Chapter Twenty-four

I shut the door again and rushed to prepare the beacon spell, hurrying, certain that every second counted. I would only get one shot at diverting the phages, and I finished my preparations in feverish haste.

Nothing happened.

The sun set, leaving me mostly in the dark, since I hadn’t bothered to turn on any lights.

Nothing continued happening.

I knelt in my circle of sand until my legs cramped and then went numb, and my knees felt like they were resting in molten lead.

And all that nothing just kept on coming.

“Oh come on,” I snarled. “Bring on the doom, already.”

From his spot near the door, Mouse heaved a sigh.

“Oh, shut up,” I told him. I didn’t dare take a break. If the bad guys moved and I wasn’t ready, people would get hurt. So I knelt there, holding the spell ready in my mind, uncomfortable as hell, and swearing sulfurously under my breath. Stupid, lame-ass summoner. What the hell was he waiting for? Any half-competent villain would have had monsters roaming the halls hours ago.

Mouse’s tail thumped against the wall, and a moment later the room’s lock clicked, and Rawlins opened the door. He was wearing jeans and a long-sleeved shirt that concealed the bandages on his wounded arm, and he carried a wardflame candle in one hand. The blocky, dark-skinned officer leaned down and held his hand out to Mouse, who sniffed Rawlins in typical canine fashion and wagged his tail some more.

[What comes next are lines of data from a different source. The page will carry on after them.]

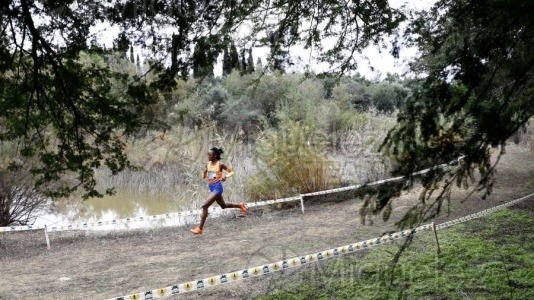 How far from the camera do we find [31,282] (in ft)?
22.9

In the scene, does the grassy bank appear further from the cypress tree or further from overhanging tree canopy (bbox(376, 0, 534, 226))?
the cypress tree

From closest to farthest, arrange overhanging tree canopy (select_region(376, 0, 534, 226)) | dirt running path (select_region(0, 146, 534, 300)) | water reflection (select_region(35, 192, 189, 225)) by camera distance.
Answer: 1. overhanging tree canopy (select_region(376, 0, 534, 226))
2. dirt running path (select_region(0, 146, 534, 300))
3. water reflection (select_region(35, 192, 189, 225))

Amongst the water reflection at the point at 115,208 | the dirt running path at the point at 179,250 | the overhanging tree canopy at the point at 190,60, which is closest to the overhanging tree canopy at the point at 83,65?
the overhanging tree canopy at the point at 190,60

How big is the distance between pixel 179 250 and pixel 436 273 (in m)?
4.77

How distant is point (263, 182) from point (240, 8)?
25.5 ft

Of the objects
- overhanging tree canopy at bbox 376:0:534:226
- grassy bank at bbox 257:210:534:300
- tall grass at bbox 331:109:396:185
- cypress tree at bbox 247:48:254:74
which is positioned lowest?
grassy bank at bbox 257:210:534:300

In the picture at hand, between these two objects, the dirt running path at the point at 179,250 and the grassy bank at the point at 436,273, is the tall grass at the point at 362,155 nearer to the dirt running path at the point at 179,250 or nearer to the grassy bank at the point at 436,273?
the dirt running path at the point at 179,250

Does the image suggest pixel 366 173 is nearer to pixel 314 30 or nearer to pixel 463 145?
pixel 314 30

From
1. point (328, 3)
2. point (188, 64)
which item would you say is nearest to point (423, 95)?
point (188, 64)

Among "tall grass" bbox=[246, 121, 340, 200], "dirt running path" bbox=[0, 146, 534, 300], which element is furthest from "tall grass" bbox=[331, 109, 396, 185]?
"dirt running path" bbox=[0, 146, 534, 300]

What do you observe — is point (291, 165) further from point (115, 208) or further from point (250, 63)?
point (115, 208)

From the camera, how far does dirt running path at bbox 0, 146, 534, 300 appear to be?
21.2 feet

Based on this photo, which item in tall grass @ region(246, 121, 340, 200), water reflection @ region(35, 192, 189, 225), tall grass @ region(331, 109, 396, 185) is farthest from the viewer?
water reflection @ region(35, 192, 189, 225)

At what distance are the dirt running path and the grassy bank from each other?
79 centimetres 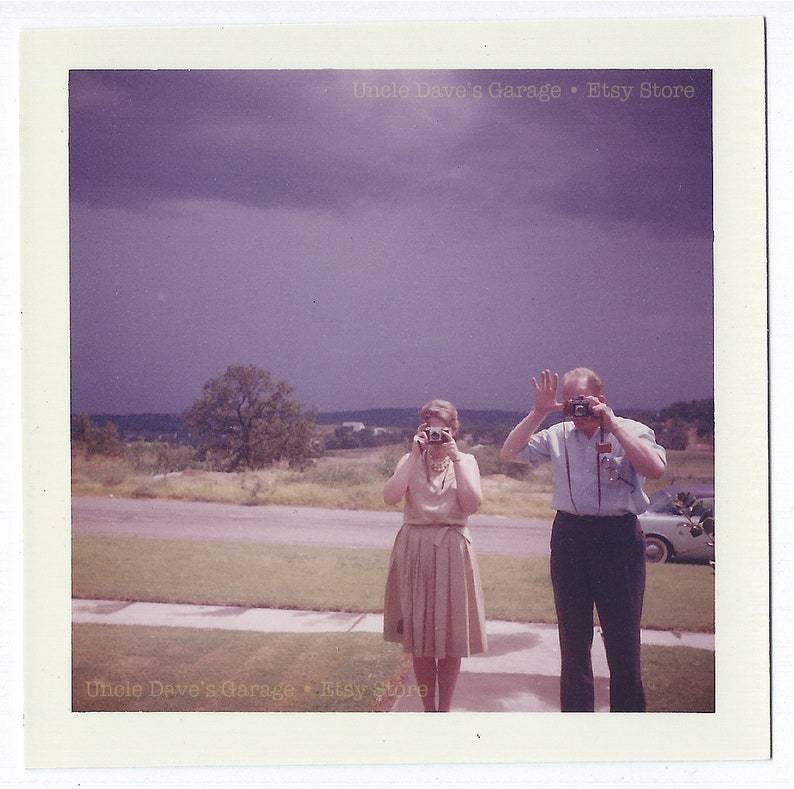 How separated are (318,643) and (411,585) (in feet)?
2.08

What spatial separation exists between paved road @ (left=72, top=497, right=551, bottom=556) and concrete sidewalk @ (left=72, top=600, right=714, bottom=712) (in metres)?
0.35

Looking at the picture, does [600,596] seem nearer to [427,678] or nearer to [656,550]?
[656,550]

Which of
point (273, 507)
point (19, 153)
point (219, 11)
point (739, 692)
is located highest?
point (219, 11)

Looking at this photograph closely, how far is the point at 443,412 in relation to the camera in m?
3.46

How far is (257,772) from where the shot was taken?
3.54 metres

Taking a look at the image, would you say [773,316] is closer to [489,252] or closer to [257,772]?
[489,252]

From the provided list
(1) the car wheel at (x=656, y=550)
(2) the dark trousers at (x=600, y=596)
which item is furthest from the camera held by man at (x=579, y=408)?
(1) the car wheel at (x=656, y=550)

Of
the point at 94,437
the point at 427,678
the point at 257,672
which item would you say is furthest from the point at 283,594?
the point at 94,437

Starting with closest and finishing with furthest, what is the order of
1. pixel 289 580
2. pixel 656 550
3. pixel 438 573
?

Rawlins remained in the doorway and said, “Hello? Dresden?”

“Here,” I muttered.

Rawlins thumped at the wall until he found the lights and flicked them on. He stared at me for a minute, eyebrows slowly rising. “Uh-huh. There’s something I don’t see every day.”

I grimaced. “Murphy found you, I see.”

“Almost like she’s a detective,” Rawlins said, grinning.

“Your boss know you’re here?” I asked.

“Not so far,” he replied. “But I expect someone might notice and tell him about me at some point.”

“He won’t be happy,” I said.

“I just hope I can live with myself later.” He waved his little candle. “Murphy sent me up here to make sure you was still alive.”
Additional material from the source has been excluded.